Ci si scusa con se stessi derubricando ad errore la violazione delle regole. Errore è parola dolce ed ecumenica, chi è che non sbaglia? Errore sarebbe però, tanto per stare in tema, sbagliare l’importo delle buste paga. Decidere di mettere un po’ di salario in busta e pagarci i contributi e l’altro del salario in contanti e bocca chiusa e niente contributi e tasse non è errore, è scelta. Ma dire errore è declinare uno dei comandamenti del civismo al tempo dei cittadini indignati: mai, mai assumersi una responsabilità o riconoscere come tale la propria responsabilità.

Io ho pagato a nero? Sì, ma è stato errore. E lo riconosco come errore. Quindi, pace. Dite che lo riconosco come errore guarda caso dopo che è stato da altri scoperto? Ma allora volete rovinare la gente! Ci si scusa dunque prima con se stessi declinando ogni responsabilità, non sia mai. E poi con la famiglia. E poi, molto poi, con il resto del mondo. Ai tempi si scrisse a proposito della cultura civica e civile spesso dominante in Italia di familismo. Familismo, cos’è? Eccolo qua. La famiglia non solo primo ma anche unico orizzonte e bussola. Economico e morale. Infatti coerentemente Antonio Di Maio: "L’ho fatto per non far mancare nulla alla mia famiglia". Invoca comprensione per aver scelto di far mancare qualcosa, non poco, i loro diritti, a chi lavorava per lui pur di non far mancare nulla alla "mia" famiglia.
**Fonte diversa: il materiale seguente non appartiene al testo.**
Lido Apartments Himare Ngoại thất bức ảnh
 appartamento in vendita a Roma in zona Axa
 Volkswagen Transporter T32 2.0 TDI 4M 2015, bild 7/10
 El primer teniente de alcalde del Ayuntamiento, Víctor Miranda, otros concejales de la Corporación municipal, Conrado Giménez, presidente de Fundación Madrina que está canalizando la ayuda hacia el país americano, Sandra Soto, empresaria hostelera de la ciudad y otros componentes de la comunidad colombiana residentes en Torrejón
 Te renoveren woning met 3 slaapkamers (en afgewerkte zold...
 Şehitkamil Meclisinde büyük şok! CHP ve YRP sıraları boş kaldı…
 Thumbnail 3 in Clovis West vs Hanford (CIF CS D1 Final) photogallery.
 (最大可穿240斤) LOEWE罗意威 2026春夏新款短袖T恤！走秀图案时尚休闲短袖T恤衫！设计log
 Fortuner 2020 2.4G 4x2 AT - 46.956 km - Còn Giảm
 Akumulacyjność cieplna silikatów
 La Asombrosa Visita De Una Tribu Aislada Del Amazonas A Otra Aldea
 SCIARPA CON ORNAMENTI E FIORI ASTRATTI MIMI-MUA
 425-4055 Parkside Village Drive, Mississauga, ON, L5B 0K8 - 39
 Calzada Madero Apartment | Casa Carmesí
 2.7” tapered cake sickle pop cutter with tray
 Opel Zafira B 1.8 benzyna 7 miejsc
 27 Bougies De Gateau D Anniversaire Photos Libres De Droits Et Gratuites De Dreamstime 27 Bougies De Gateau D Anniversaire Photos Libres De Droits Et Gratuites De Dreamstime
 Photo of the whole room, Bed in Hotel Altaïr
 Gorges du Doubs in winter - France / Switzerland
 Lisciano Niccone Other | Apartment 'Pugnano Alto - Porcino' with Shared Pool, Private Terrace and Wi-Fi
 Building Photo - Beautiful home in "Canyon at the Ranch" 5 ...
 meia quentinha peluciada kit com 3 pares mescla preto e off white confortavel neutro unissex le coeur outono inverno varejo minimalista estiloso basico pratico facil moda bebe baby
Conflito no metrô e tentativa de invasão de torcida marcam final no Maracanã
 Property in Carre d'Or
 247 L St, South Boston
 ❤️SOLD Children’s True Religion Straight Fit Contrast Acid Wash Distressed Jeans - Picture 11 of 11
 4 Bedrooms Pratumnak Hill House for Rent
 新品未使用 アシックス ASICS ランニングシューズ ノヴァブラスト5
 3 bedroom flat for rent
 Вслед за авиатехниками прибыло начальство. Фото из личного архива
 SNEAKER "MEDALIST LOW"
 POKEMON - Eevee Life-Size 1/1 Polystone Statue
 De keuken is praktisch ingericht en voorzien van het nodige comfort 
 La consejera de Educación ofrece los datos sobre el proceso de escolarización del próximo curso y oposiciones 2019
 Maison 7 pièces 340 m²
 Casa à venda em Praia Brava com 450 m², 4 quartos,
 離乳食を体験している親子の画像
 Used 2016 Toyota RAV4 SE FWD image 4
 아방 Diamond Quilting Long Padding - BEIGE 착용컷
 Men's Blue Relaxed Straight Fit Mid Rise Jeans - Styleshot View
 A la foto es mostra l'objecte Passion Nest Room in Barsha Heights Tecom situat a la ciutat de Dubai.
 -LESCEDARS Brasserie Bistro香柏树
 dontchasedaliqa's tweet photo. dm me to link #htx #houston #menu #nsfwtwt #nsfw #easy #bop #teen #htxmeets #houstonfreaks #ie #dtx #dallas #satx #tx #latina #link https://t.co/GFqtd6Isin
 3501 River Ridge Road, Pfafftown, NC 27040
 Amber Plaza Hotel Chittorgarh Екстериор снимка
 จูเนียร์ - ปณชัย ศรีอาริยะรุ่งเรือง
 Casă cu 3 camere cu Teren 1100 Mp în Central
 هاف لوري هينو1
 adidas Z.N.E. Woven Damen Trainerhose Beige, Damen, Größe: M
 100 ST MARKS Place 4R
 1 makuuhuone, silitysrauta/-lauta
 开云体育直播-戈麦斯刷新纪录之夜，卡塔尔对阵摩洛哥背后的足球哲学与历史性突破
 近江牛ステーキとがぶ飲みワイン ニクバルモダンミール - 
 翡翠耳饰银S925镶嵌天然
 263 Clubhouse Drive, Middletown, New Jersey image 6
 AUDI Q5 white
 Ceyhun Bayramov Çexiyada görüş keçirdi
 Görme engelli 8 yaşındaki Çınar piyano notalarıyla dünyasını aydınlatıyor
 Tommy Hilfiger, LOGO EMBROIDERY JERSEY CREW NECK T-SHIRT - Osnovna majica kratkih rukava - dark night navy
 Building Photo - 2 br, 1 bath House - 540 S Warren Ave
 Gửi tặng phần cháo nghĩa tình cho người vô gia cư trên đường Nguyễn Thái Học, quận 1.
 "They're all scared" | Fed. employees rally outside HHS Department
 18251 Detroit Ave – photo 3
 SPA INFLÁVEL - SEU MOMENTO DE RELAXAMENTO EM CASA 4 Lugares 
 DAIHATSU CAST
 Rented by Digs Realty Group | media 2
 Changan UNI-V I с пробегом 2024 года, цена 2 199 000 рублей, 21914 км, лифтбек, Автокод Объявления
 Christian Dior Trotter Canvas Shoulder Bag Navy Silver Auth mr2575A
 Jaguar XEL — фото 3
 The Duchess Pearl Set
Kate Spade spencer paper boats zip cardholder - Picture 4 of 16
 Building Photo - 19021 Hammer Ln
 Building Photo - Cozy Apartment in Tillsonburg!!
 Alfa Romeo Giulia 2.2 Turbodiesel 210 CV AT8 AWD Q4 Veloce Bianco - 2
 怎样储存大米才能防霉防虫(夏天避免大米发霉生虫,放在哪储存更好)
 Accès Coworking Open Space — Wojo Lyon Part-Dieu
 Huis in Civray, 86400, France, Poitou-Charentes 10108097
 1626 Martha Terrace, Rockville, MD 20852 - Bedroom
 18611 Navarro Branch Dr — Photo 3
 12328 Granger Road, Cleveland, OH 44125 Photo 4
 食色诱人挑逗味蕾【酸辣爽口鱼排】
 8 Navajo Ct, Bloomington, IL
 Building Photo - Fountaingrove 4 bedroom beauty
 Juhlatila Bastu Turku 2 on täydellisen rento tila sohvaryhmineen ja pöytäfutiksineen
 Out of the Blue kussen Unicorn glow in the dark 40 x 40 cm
Altro che prima gli italiani, qui siamo a prima ai consanguinei. E non solo prima…se l’interesse della famiglia comanda che quello degli altri vada in malora. È talmente convinto e sicuro della sua etica Antonio Di Maio che chiama a sostegno complice: "Molti papà mi capiscono". La favola narrata è chiara e anche la morale: "Nei periodi difficili…la crisi…non volevo perdere la stima dei figli".

Stima dei figli che in questa dimensione si perde se fai mancare qualcosa. Non si perde invece se fai lavorare in nero. Ma Antonio Di Maio ha altro da dire, altro compito da affidare alla sua lettera: scagionare, proteggere Luigi Di Maio. "Non sapeva nulla, non ho mai detto nulla. L’onestà di Luigi è enorme". "Io sono solo un piccolo imprenditore" e "Luigi è la persona più onesta".

Sono questi i due assi cardinali della lettera. E allora perché scriverla e diffonderla via Facebook? Già, il dubbio viene anche ad Antonio Di Maio che giudica "sproporzionato" il clamore e l’interesse sulla vicenda. E, come fanno ormai tutti, lamenta di essere trattato come un "pericoloso criminale". Insomma, anche la lacrima. Partito per scusarsi, Antonio Di Maio finisce per far la vittima. La prepotenza del non pagare il giusto e nei modi di legge, la famiglia come unica fonte di legge e legittimità sanate dalle scuse, e scuse che vanno prese come tombali, insomma non se ne parli più. E alla fine la lacrima della vittima, delle vittime.

Aver fregato il prossimo a vantaggio della famiglia è peccato veniale, che qualcuno lo sappia o lo dica è persecuzione. Chi ha fregato il prossimo non riesce a non commuoversi su se stesso. Ecco, questo è il video messaggio di scuse di Antonio Di Maio. Difficile immaginare non sia stato visionato e approvato e condiviso prima di essere postato. Visionato, approvato e condiviso da Luigi Di Maio figlio e vice presidente del Consiglio, da Rocco Casalino portavoce M5S di Palazzo Chigi, da Davide Casaleggio a nome piattaforma Rousseau. Nel suo piccolo, un video messaggio che è…una carta dei valori. I valori dei puri che mentre purificano e purgano anche si adattano e si acconciano.

Gli eterni valori del predicare puro ma razzolare come viene. Il valore vero della legalità: le leggi si applicano ai nemici e si interpretano per gli amici. E il valore supremo, il tengo famiglia e in famiglia uno per tutti e tutti per uno e che non si fa per la famiglia. Ancora e ancora e ancora come negli anni settanta, ottanta, novanta. Come la piccola borghesia mezzo secolo fa. Ma non eravamo cambiati, non era diventato ceto medio liquido? I nomi cambiano, i valori restano.